P.P.S. You are not the only one confused by "Add Health" — this is the self-determined name of the study (see http://www.cpc.unc.edu/projects/addhealth) but researchers use any number of variants (AddHealth, AdHealth, Add-Health, etc.), which makes it hard when doing article searches! I assume they wanted to communicate the idea that the point of the study was to "add" to our health.

P.P.P.S. Bruno Frey consistently makes the point that life satisfaction is a better measure of happiness than others for the purpose of measuring individual utility (If you want to see Frey's rationale, look here: http://www.bsfrey.ch/articles/407_04.pdf). In contrast, affect (a psychological measure of happiness) is a more immediate and less cognitive subjective evaluation. I have published articles using both measures (our BMJ happiness paper uses an affect measure from the CES-D), and they are highly correlated.

P.P.P.P.S. The credit card debt paper is here: http://papers.ssrn.com/sol3/papers.cfm?abstract_i… The key sentence from that paper is this: "Holding all other variables constant at their mean and varying the MAOA genotype of all sub jects from high to low would increase the reporting of credit card debt in this population from 38.2% (95%CI: 35.2%—41.1%) to 43.5% (95%CI: 40.5%—46.5%). This implies that the marginal eﬀect of having one or both MAOA alleles of the low efficiency type raises the average likelihood of having creditcard debt by about 14%." So again, the 14% is from a risk ratio, but we also give the numbers there so folks can think of it in other ways (e.g. it would increase the incidence of self-reported credit card debt by 5%). And no, we have not looked at credit card debt and happiness in the same model.

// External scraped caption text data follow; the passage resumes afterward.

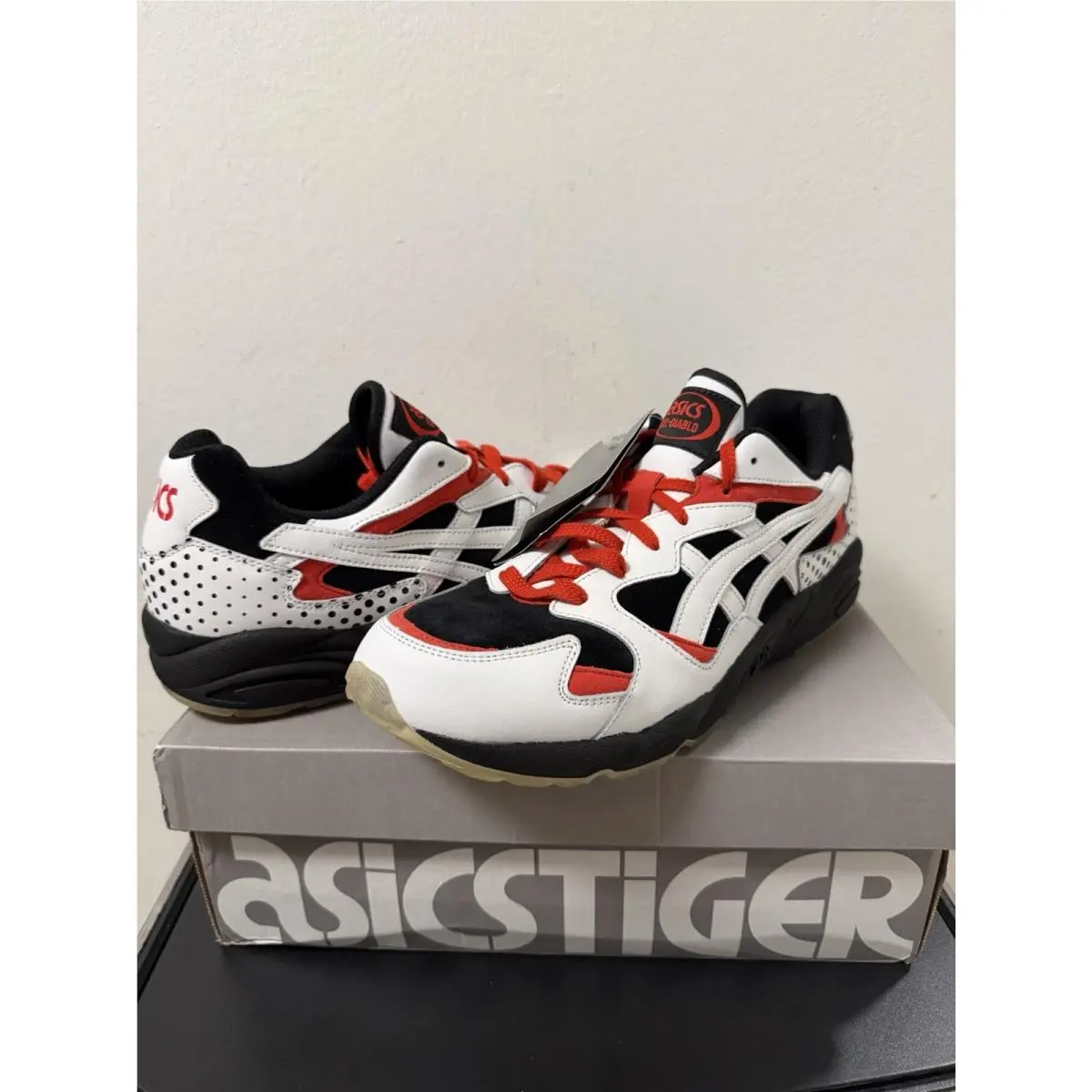 Asics Gel Diablo Happy Chaos Mens 10.5 Black White Red Leather Shoes F820818 DS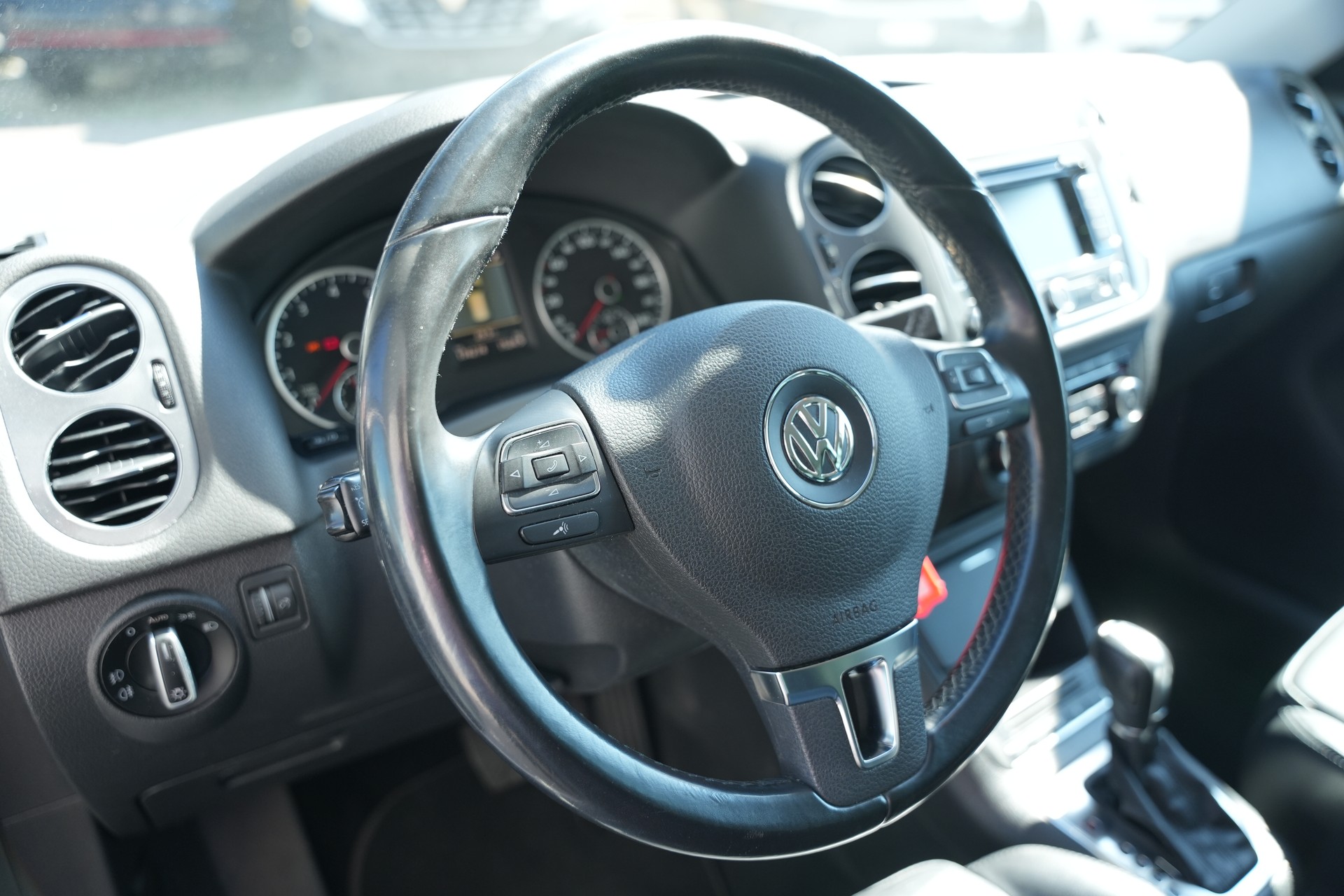 VW Tiguan 2.0 TSI Sport&Style 4Motion DSG-image-7
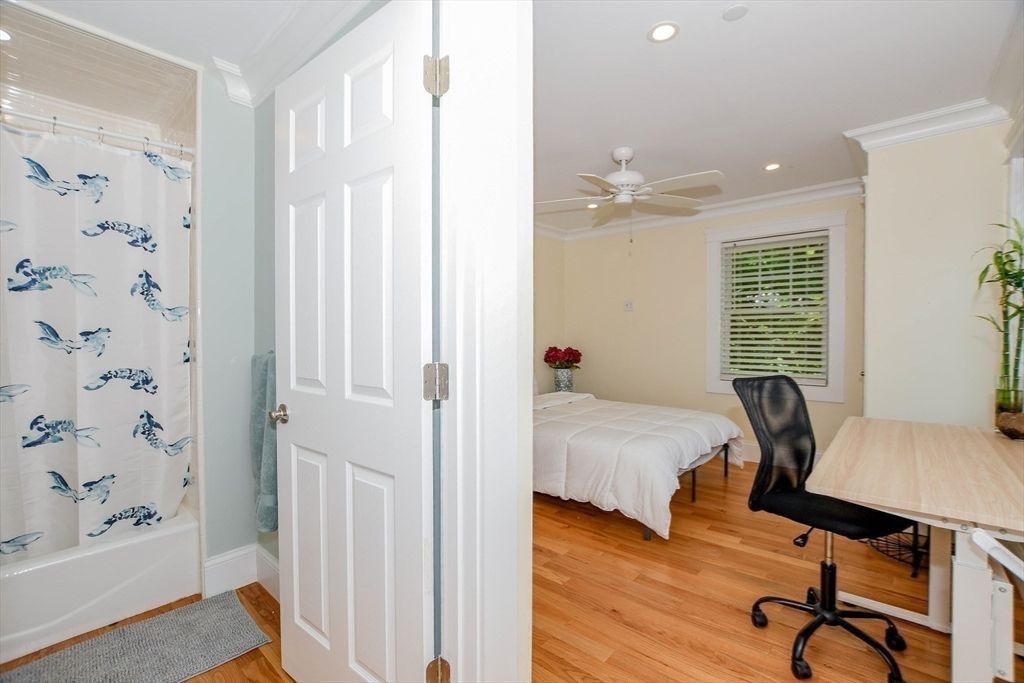 Bedroom, Home Office, Interior, Recessed Lighting, Wood Texture Flooring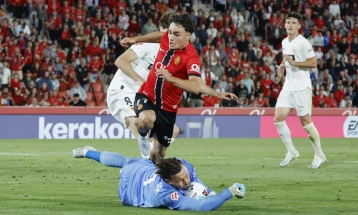 Димитриевски со седум одбрани најзаслужен за бодот на Валенсија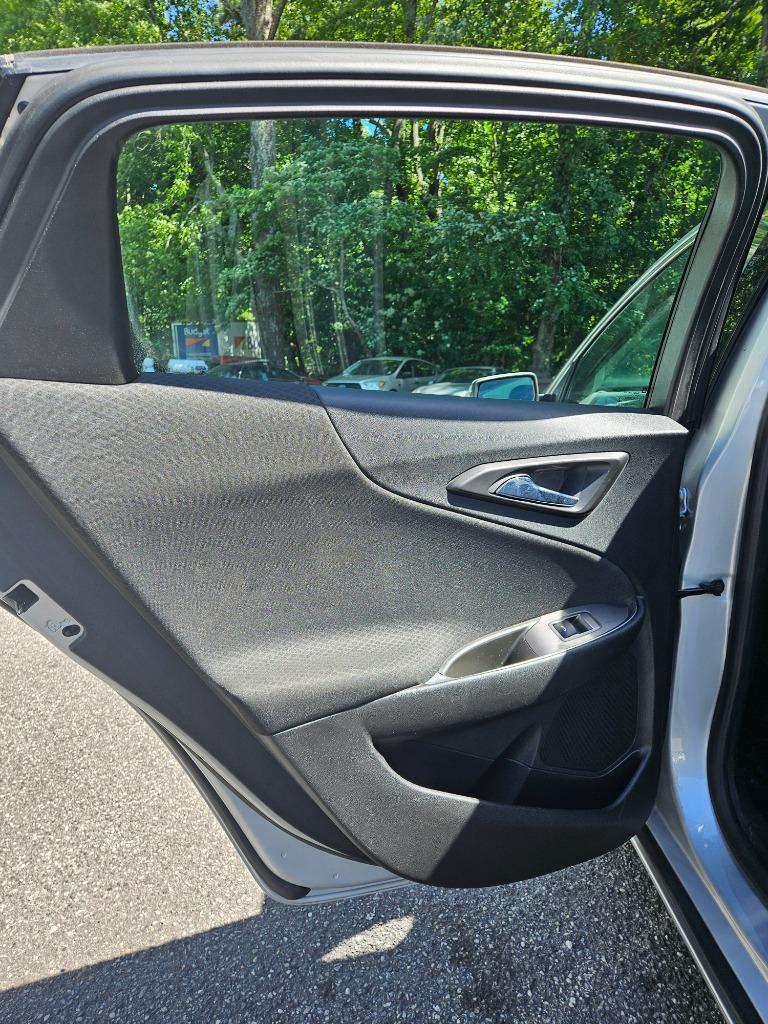 2018 Chevrolet Malibu - $13,900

P.P.P.P.P.S. It's true that mediation analyses are observational, and doubly-problematic because they are sensitive to specification, measurement, and other errors at two stages rather than just one. But I do not accept responsibility for Don Rubin's hypothetical gastrointestinal problems! The perfect should not be the enemy of the good.

P.P.P.P.P.P.S. I'm *happy* for the detailed feedback!

P.P.S. Their data come from the National Survey of Adolescent Health, which for some reason is officially called "Add Health." Shouldn't that be "Ad Health" or maybe "Ado Health"? I'm confused where the extra "d" is coming from.I don't have first-hand knowledge (you can ask one of your Columbia colleagues in Soc whether it's true), but the lore goes that in the planning phases of the survey a central goal was was to collect data on adolescent sexual behavior (including sexual networks and STDs), but there were fears that if this were the core of the study its funding would become a political issue and get sunk by unfriendly legislators. The solution—"add health". That is, turn it into a general, comprehensive study of adolescent health which included the controversial stuff as one component of many. And this is what happened. (Add Health did collect the sexual/network data—see e.e. Bearman, Moody & Stovel's well-known AJS paper and many more besides.)